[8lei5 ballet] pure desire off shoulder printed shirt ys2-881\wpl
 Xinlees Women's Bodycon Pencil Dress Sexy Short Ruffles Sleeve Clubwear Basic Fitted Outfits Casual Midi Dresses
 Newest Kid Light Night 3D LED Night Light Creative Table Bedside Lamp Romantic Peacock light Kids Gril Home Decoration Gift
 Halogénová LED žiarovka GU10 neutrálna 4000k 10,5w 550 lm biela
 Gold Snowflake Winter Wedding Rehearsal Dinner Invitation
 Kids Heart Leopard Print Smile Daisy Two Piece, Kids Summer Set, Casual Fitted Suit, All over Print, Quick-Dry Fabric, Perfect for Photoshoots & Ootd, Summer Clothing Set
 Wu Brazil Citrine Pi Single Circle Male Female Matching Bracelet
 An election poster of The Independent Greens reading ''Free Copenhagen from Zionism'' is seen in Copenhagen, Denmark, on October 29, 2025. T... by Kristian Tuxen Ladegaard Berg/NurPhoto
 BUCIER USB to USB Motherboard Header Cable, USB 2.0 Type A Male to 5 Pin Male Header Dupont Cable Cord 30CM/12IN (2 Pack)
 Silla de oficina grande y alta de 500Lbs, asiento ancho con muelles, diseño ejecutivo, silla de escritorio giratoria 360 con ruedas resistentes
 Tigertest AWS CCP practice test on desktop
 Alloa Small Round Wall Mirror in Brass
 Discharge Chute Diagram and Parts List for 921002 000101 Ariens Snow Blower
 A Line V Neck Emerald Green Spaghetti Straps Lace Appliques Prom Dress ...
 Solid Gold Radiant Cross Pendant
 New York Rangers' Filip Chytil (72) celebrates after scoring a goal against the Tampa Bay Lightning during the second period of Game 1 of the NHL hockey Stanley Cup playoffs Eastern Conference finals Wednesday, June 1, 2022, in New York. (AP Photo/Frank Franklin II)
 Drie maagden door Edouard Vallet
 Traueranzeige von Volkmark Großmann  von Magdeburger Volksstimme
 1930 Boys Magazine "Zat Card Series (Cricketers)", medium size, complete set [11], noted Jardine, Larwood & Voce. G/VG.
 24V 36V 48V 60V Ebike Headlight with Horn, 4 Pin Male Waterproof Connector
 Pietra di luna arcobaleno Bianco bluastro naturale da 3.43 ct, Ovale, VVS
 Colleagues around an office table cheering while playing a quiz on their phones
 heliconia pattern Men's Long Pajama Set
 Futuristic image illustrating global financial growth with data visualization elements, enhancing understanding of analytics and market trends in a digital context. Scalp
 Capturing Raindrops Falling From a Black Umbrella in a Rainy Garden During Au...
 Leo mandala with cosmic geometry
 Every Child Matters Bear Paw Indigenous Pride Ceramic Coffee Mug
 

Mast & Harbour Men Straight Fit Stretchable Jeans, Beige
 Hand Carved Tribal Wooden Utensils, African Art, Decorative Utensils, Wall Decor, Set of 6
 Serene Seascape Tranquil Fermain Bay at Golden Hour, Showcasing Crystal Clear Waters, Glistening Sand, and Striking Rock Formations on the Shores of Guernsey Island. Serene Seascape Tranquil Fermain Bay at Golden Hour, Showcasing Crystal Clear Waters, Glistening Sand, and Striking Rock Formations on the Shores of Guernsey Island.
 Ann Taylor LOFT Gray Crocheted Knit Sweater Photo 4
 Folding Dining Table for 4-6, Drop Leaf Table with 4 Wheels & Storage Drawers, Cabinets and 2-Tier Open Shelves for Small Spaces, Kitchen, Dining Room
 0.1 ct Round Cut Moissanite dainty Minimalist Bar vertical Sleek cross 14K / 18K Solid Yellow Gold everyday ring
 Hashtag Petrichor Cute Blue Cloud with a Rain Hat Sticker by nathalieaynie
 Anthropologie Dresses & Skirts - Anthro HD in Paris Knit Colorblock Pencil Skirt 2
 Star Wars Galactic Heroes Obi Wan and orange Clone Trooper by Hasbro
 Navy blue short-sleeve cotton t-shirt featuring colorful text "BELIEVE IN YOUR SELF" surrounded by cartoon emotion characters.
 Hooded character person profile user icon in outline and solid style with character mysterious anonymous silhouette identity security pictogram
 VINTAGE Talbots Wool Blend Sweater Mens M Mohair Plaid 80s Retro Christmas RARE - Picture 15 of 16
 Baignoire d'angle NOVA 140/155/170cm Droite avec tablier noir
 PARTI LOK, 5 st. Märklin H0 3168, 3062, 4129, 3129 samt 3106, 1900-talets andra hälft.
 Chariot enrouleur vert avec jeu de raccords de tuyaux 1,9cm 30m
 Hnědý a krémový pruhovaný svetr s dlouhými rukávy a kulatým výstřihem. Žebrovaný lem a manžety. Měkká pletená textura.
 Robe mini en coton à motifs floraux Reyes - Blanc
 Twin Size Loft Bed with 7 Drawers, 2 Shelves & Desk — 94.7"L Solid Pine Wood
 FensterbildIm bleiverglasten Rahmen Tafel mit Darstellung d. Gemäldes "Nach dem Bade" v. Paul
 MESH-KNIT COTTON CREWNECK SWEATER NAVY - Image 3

▶ [Requirement]: Each line from the top of the records through the one with "Tigertest AWS CCP practice test on desktop" should be returned exactly. Leave out everything else.

▶ [Finished task]:
[8lei5 ballet] pure desire off shoulder printed shirt ys2-881\wpl
 Xinlees Women's Bodycon Pencil Dress Sexy Short Ruffles Sleeve Clubwear Basic Fitted Outfits Casual Midi Dresses
 Newest Kid Light Night 3D LED Night Light Creative Table Bedside Lamp Romantic Peacock light Kids Gril Home Decoration Gift
 Halogénová LED žiarovka GU10 neutrálna 4000k 10,5w 550 lm biela
 Gold Snowflake Winter Wedding Rehearsal Dinner Invitation
 Kids Heart Leopard Print Smile Daisy Two Piece, Kids Summer Set, Casual Fitted Suit, All over Print, Quick-Dry Fabric, Perfect for Photoshoots & Ootd, Summer Clothing Set
 Wu Brazil Citrine Pi Single Circle Male Female Matching Bracelet
 An election poster of The Independent Greens reading ''Free Copenhagen from Zionism'' is seen in Copenhagen, Denmark, on October 29, 2025. T... by Kristian Tuxen Ladegaard Berg/NurPhoto
 BUCIER USB to USB Motherboard Header Cable, USB 2.0 Type A Male to 5 Pin Male Header Dupont Cable Cord 30CM/12IN (2 Pack)
 Silla de oficina grande y alta de 500Lbs, asiento ancho con muelles, diseño ejecutivo, silla de escritorio giratoria 360 con ruedas resistentes
 Tigertest AWS CCP practice test on desktop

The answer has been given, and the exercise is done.